Spike [2019-2020 work] Oozie Replacement. Airflow Study / Argo Study
Closed, ResolvedPublic

Description

Can Airflow substitute all of our various scheduling tools:

  • reportupdater
  • oozie
  • spark refine
  • some systemd timers
  • and ONE more!

Event Timeline

Milimetric triaged this task as Medium priority.Feb 28 2019, 5:45 PM
Milimetric updated the task description. (Show Details)
Milimetric moved this task from Incoming to Smart Tools for Better Data on the Analytics board.

I just read a bunch of Airflow docs, and I'm not really sure how easy it will be to replace oozie. For all the others, it might be great! I haven't yet seen an ability to trigger runs based on dataset existence, but perhaps I'm just missing it.

I also just noted that is has (experimental?) 'lineage' support, which helps for keeping track of data lineage and governance, and has integration for use with Apache Atlas. This might be relevant to some Better use of Data use cases.

Ok, Joseph clued me into Airflow Sensors, which do indeed seem to do what we need.

https://github.com/apache/airflow/tree/master/airflow/sensors

FYI, RelEng is considering using Argo for CI in Kubernetes. Argo looks like it has some similarities with Airflow:

https://github.com/argoproj/argo/issues/849

Ottomata renamed this task from Spike [2019-2020 work] Airflow Study to Spike [2019-2020 work] Oozie Replacement study (Airflow, Argo, Pachyderm, Kubernetes, etc.) .Oct 30 2019, 4:32 PM
Nuria renamed this task from Spike [2019-2020 work] Oozie Replacement study (Airflow, Argo, Pachyderm, Kubernetes, etc.) to Spike [2019-2020 work] Ozie Replacement.
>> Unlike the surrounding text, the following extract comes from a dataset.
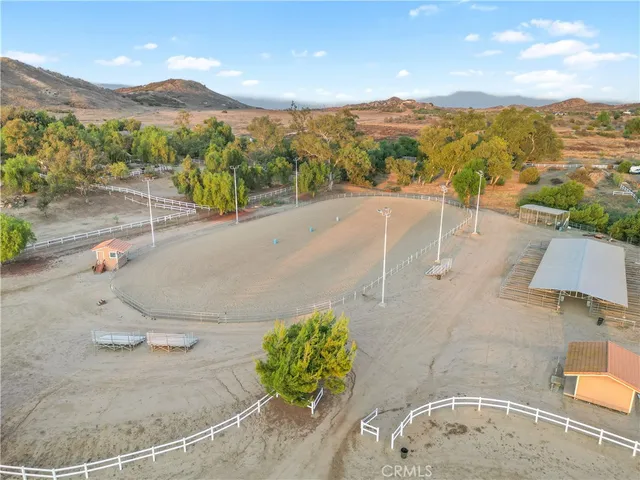 $999,999 | 17844 Copper Queen Lane, Perris, CA 92570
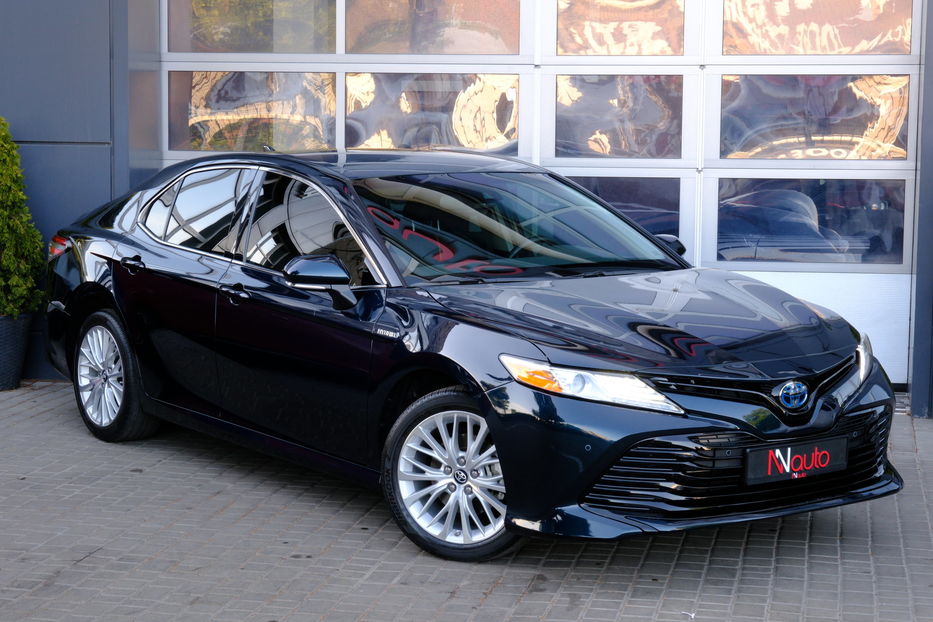 Продам Toyota Camry 2020 года в Одессе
Airflow Study / Argo Study.Oct 30 2019, 4:33 PM
Ottomata renamed this task from Spike [2019-2020 work] Ozie Replacement. Airflow Study / Argo Study to Spike [2019-2020 work] Oozie Replacement. Airflow Study / Argo Study.Oct 30 2019, 5:38 PM

Since the search team is managing a trial airflow setup, perhaps we should use their setup for this spike? We could try to replicate some existing use cases in Airflow. Perhaps:

  • webrequest load + druid 128 load
  • Refine

These are a bit different, but cover a lot of what we do with oozie and systemd timers. It'd be a good sign if we can make Airflow can do both well.

The Search's setup is very custom and not really re-usable IIUC, it would be really great to spent a bit of time trying to improve what it is currently in puppet and how Airflow is deployed (currently directly via scap in a Search gerrit repo, together with their code).
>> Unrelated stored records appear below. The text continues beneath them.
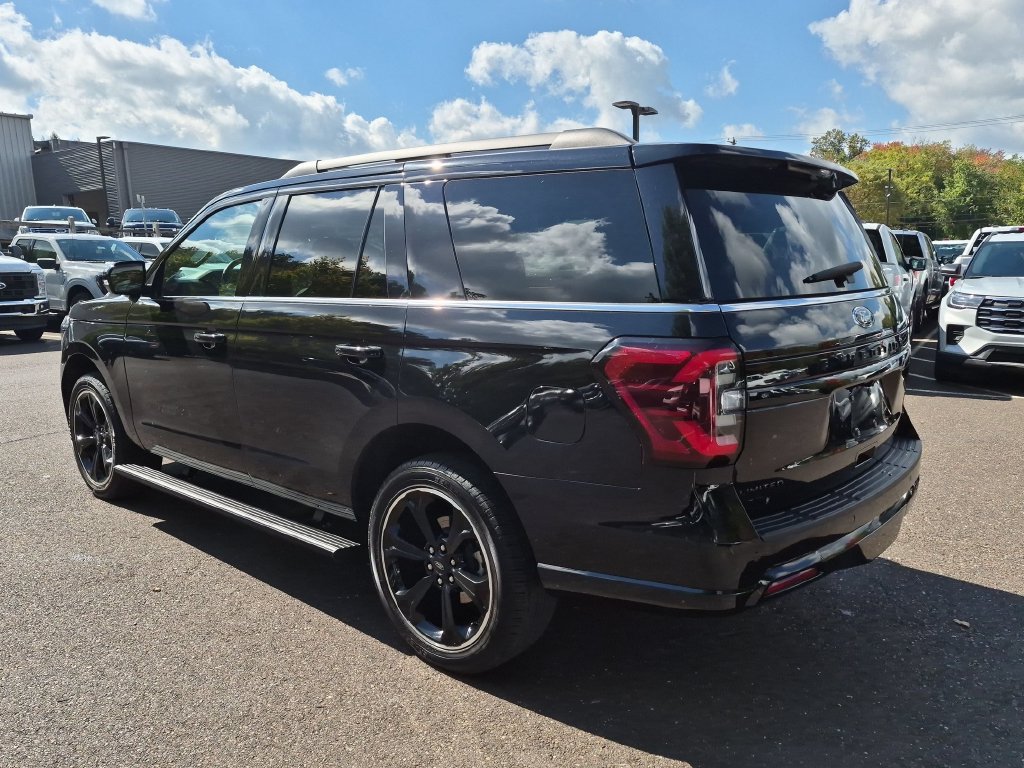 Certified 2023 Ford Expedition Limited AWD/4WD image 7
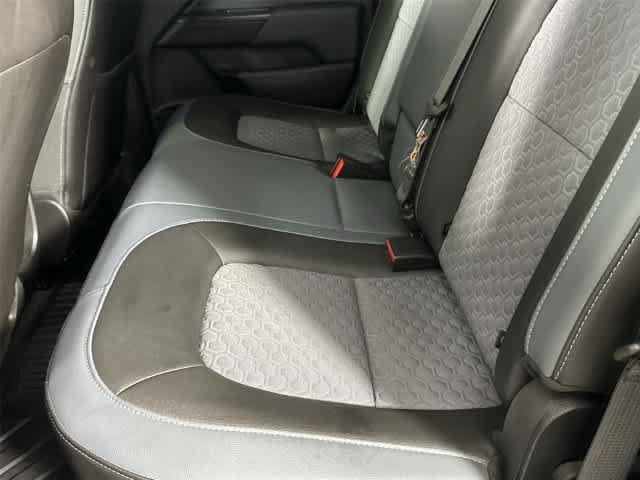 Used 2021 Chevrolet Colorado Z71 w/ Safety Package AWD/4WD image 14
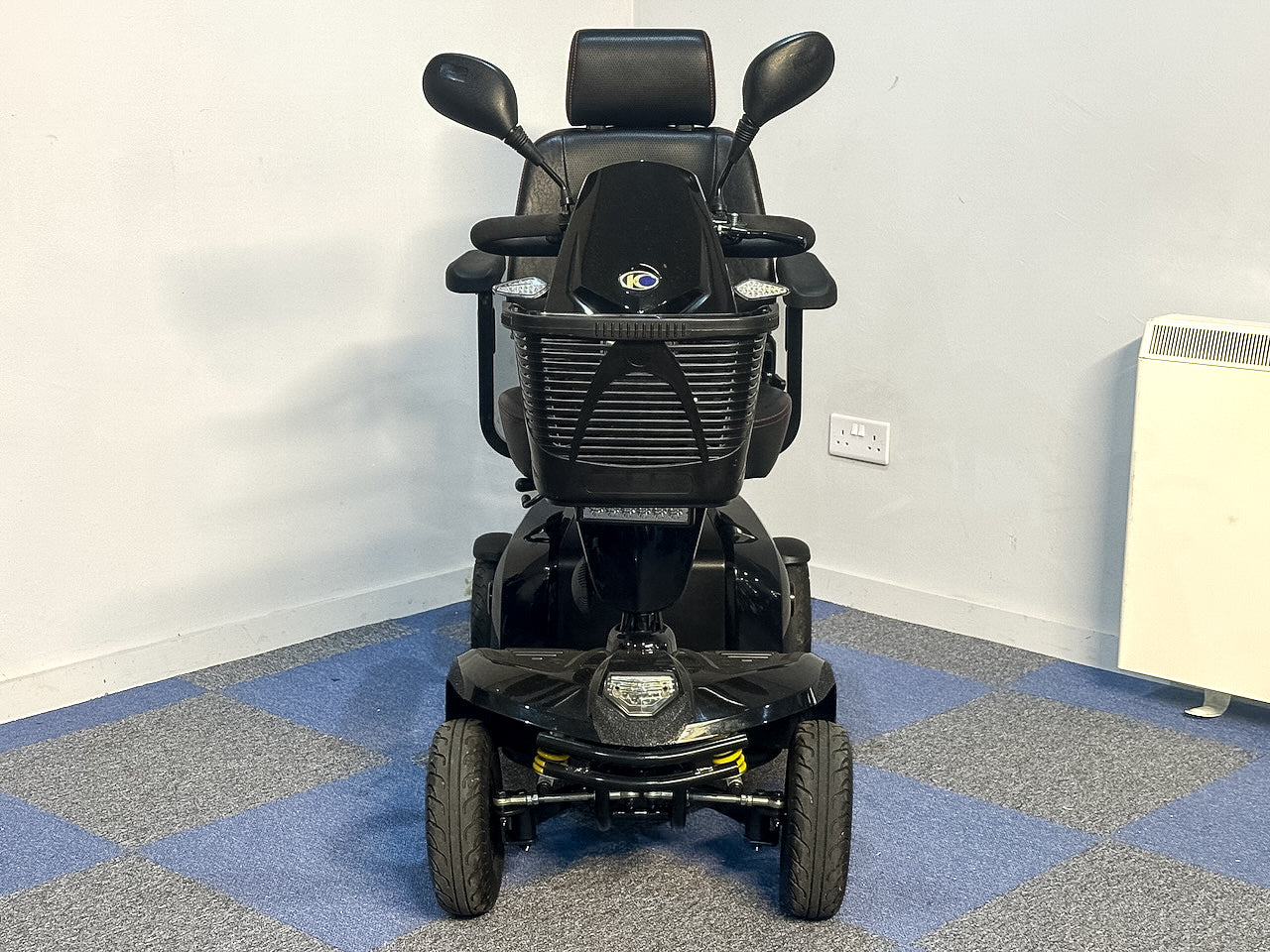 Kymco Komfy 8 Used Mobility Scooter Road Pavement Suspension 8mph Black Secondary image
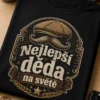 Vintage tričko s emblémem, knírem a bekovkou a nápisem Nejlepší děda na světě
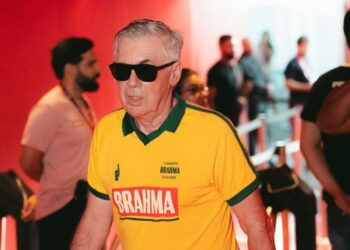 Ancelotti durante Carnaval em Salvador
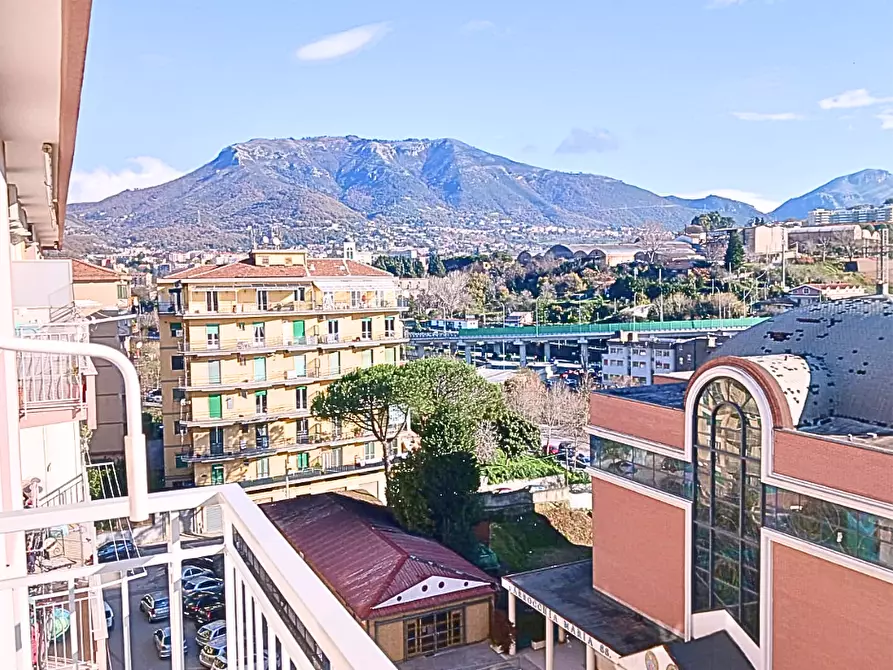 Immagine 4 di Quadrilocale in vendita  in Via Pietro Pennella 5 a Salerno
I like the idea of testing the above use cases, especially if we find a unified way to alarm. For example, the way that oozie notifies us about a problem is still an email, that is not great as we know, meanwhile timers leverage icinga.

The Search's setup is very custom and not really re-usable IIUC

I wouldn't want to actually replace our oozie&timer stuff, just try to do so and see if we can run things writing into scratch directories.
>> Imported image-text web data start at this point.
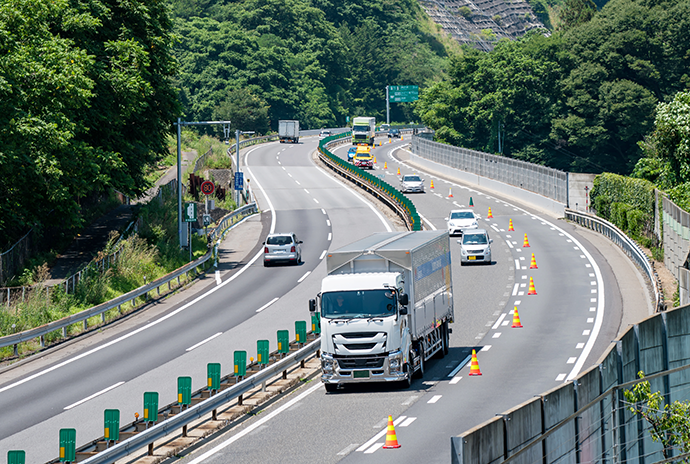 高速道路を走るトラック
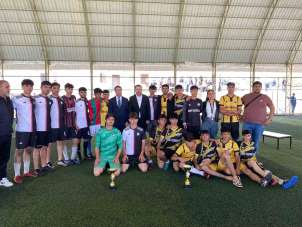 Liseler arası futbol turnuvası birincisi kupasını Kaymakam Yurdagül'den aldı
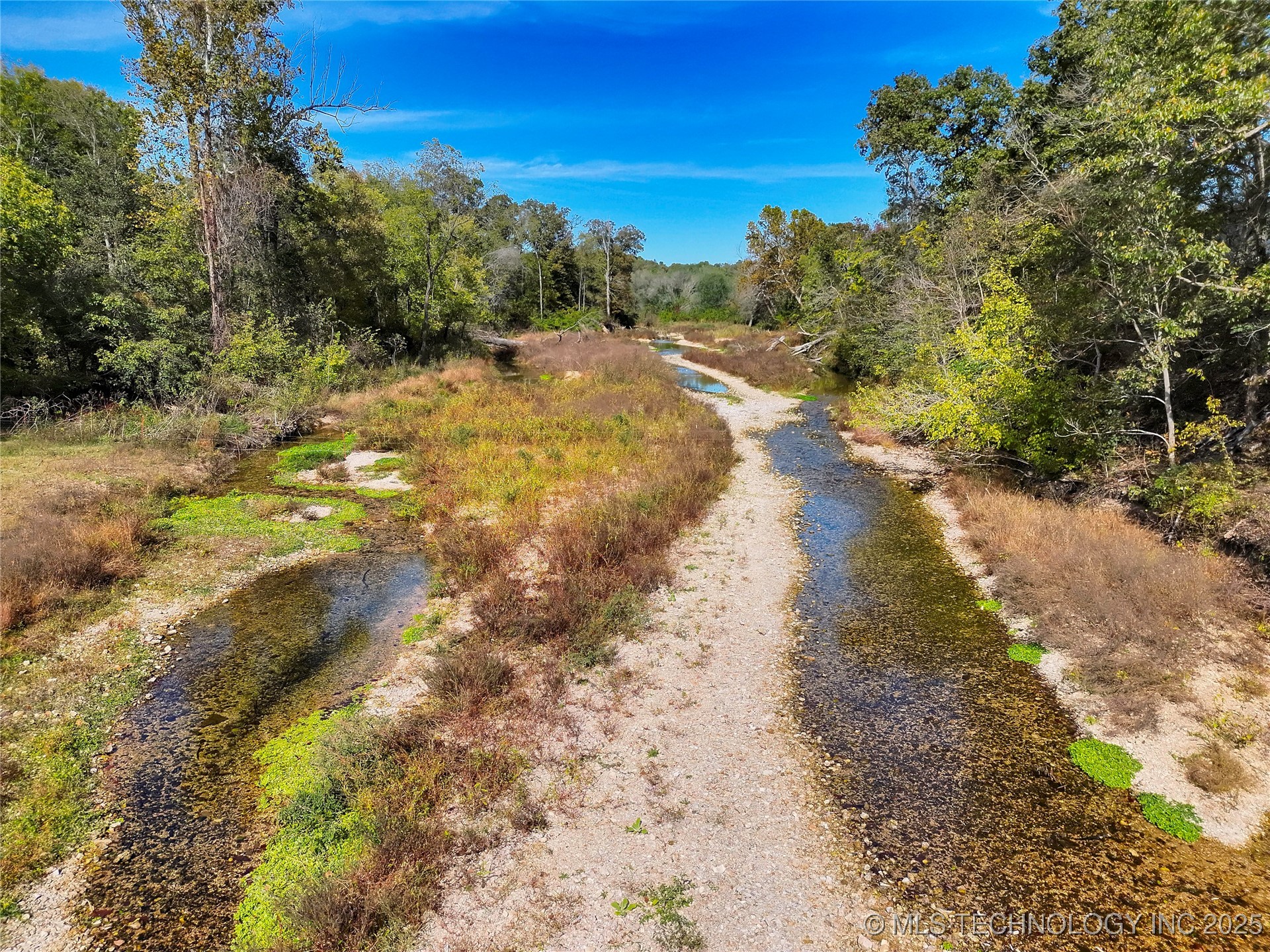 467875 Highway 62 Property Photo 47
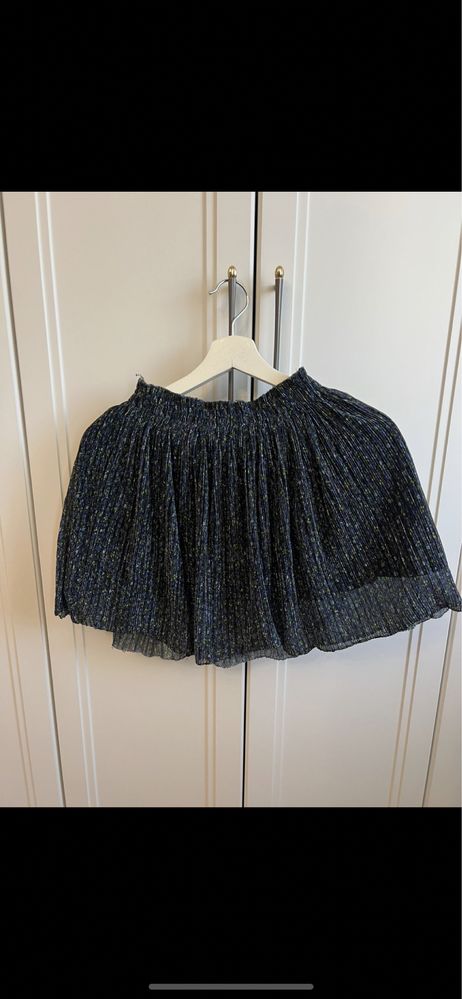 куртки zara , платья в садик, кофты и новый год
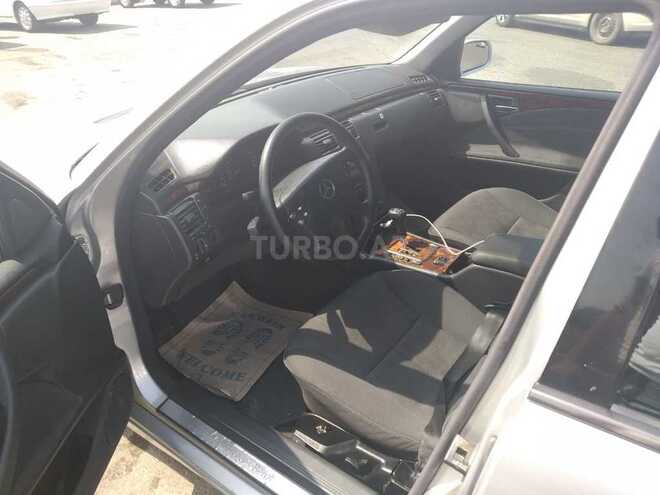 Mercedes E 270 2000, 287,000 km - 2.7 l - Bərdə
For example, the way that oozie notifies us about a problem is still an email, that is not great as we know, meanwhile timers leverage icinga.

I somehow doubt icinga will be the answer for us. Icinga doesn't allow for dynamic lasting alert statuses. In our current system, Hue is almost acting like Icinga for dataset generating jobs. We get an email from Oozie about a job failure, and then Hue shows us what has or hasn't failed. The systemd timer alerts in icinga only alert us on the most recent status of a job run.

But yeah, perhaps the Airflow UI will replace Oozie+Hue in a better way.

I somehow doubt icinga will be the answer for us. Icinga doesn't allow for dynamic lasting alert statuses.

Can you expand this? It is not that clear to me what the end goal is.. :)

What would Icinga look like if the webrequest load job had failures for 6 hourly datasets spread over the last month? We'd want an 'alert' on each of these failures.

Every job instance is an individual thing we'd want alerting on.

Or we could use an aggregator, that would say "at least one job failed etc.." and then use the Airflow UI to detect the failures like we do with Hue (but not sure if possible or ideal).

Oh yeah that would be good too! I just mean we wouldn't want to rely only on only the aggregate alerts; Icinga won't work for us as the main alerting solution.

Ottomata changed the task status from Duplicate to Resolved.May 19 2021, 8:17 PM
Ottomata closed this task as a duplicate of T241246: Spike: POC of refine with airflow.
Ottomata added subscribers: razzi, mforns.